Review: Next on the docket of long titles: Call of Duty 3: Big Red One 2: Operation Zero
World War II is used as a videogame setting almost as often as a Galaxy Far, Far Away
. Even more common is that a WWII game is a first person shooter. What does a title do to differentiate itself from the uninspired and unplayable? Activision's Call of Duty 2: Big Red One
does this by providing an unrivaled battlefield experience. Whatever it may lack it makes up for in atmosphere. It actually manages to make you feel like you are a part of the First Division of the United States Army, the Big Red One.
What Call of Duty 2: Big Red One does best, and I'd argue to say better than any other game in the genre on this generation of consoles, is create a war zone that actually feels alive. By combining topnotch visuals with a full palette of ambient sounds, Big Red One draws you into the second World War. What you get when you combine this with a wide variety of accurately modeled weapons and vehicles is, arguably, one of the most authentic feeling WWII titles that has ever been published. This feeling is further fostered through the use of classic newsreel footage of the war, shown between the different legs of the campaign. The feeling goes even deeper with the subtle touches, like each weapon's aiming sight being unique and the actual First Division arm patch on the arms of your teammates.
Call of Duty 2: Big Red One's war zones make for a very compelling game setting. Sure, we've been killing virtual Nazis, in one form or another, since the days of Wolfenstein 3D. As a matter of fact, for anyone that has ever played a Medal of Honor, Brother in Arms, or Wolfenstein game on a console will feel right at home with the gameplay. Everything about CoD2's control scheme is instantly familiar and staring down the barrel of your M1 Garand is very satisfying. And you can't forget the feeling of watching enemy soldiers take flight (literally) when your grenade goes off at their feet. Unfortunately, the action itself feels almost mechanical. Sure, the controls are tight but as you make your way from objective to objective there is no real sense of urgency, everything feels almost routine. You get to a defensible position and shoot the enemy as they approach. You hop into a turret and shoot the enemy as they approach. You find the enemy defending a building and you shoot them as you approach. You take out your binoculars and call in an air strike (a unique idea that is flawed in its simplicity). Don't get me wrong, the combat is very enjoyable. I'm playing through the first half of the game for a second time already, partly because of a corrupted save file, partly because the game is good.
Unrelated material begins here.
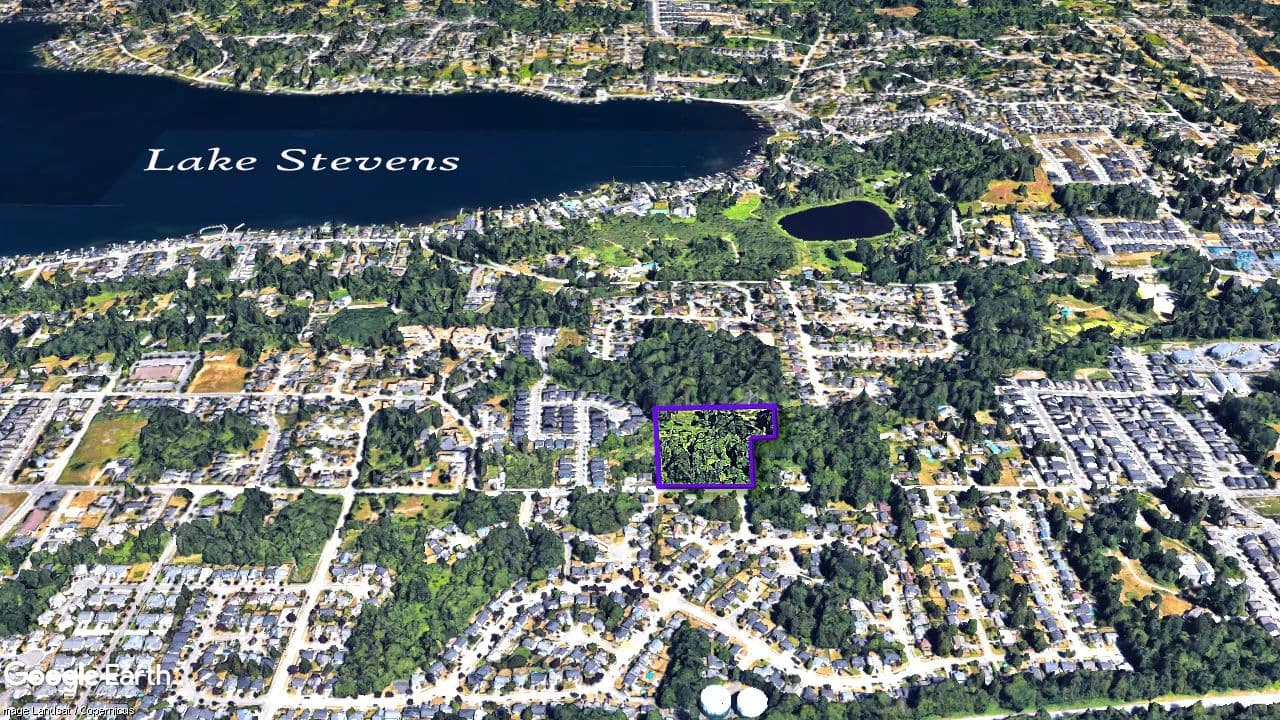 Land -Single Family Acreage in Lake Stevens - Lake Stevens, Washington, 98258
Maybe the queer feeling comes from the fact that the arcade style action doesn't fit well with the simulation style presentation.
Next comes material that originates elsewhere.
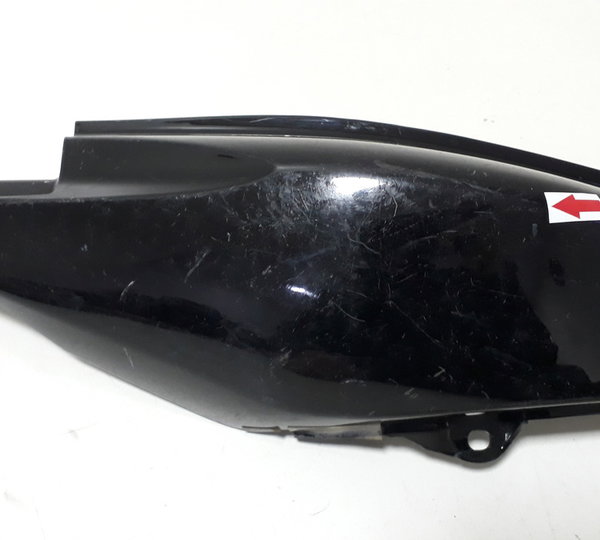 Carenagem Rabeta Honda Cb 300 10/15 L/d Orig 46455 Preto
On the upside, Big Red One's balance means that you will not make it through the game playing as if you were a lone wolf. In fact, you meet success by staying with your squad and working together. Part of this is because one of your teammates kick down closed doors while you can't open them, period. More importantly, your teammates help cover your back. As your small band of soldiers take a defensive position you need to watch their placement and pick cover that will compliment their formation. The action focuses more on using cover than being a super-soldier.
As solid as it may seem, there are a few technical issues with Call of Duty 2: Big Red One that take away from the whole experience. Perhaps the most glaring one is the lack of artificial intelligence. Every once in a while, you see enemy soldiers walking into a wall instead of up the staircase that is next to it. More of an issue is that the enemy movement patterns take away from the feel that the graphics and sound create. As an example, enemy soldiers will watch you snipe their comrade and immediately run to their position, only to be sniped themselves. When you are in a position where the enemy is advancing on you this can happen three or four times. Another smaller, but equally deal breaking item is the fact that beating an enemy soldier with a melee attack has nothing to it. No sound. No feel. Nothing. You have the animation of you swinging your gun but it never gives you the impression that you make contact. Neither of these issues are deal breakers but each one is a bruise on the arm of a good WWII action game.
When it comes to comparing the multiple versions of Call of Duty 2: Big Red One, the GameCube version loses out to the online component on the Xbox and PS2 versions. The Xbox supports 2-16 players via system link or Xbox Live and the PS2 supports team-based combat using the broadband connector.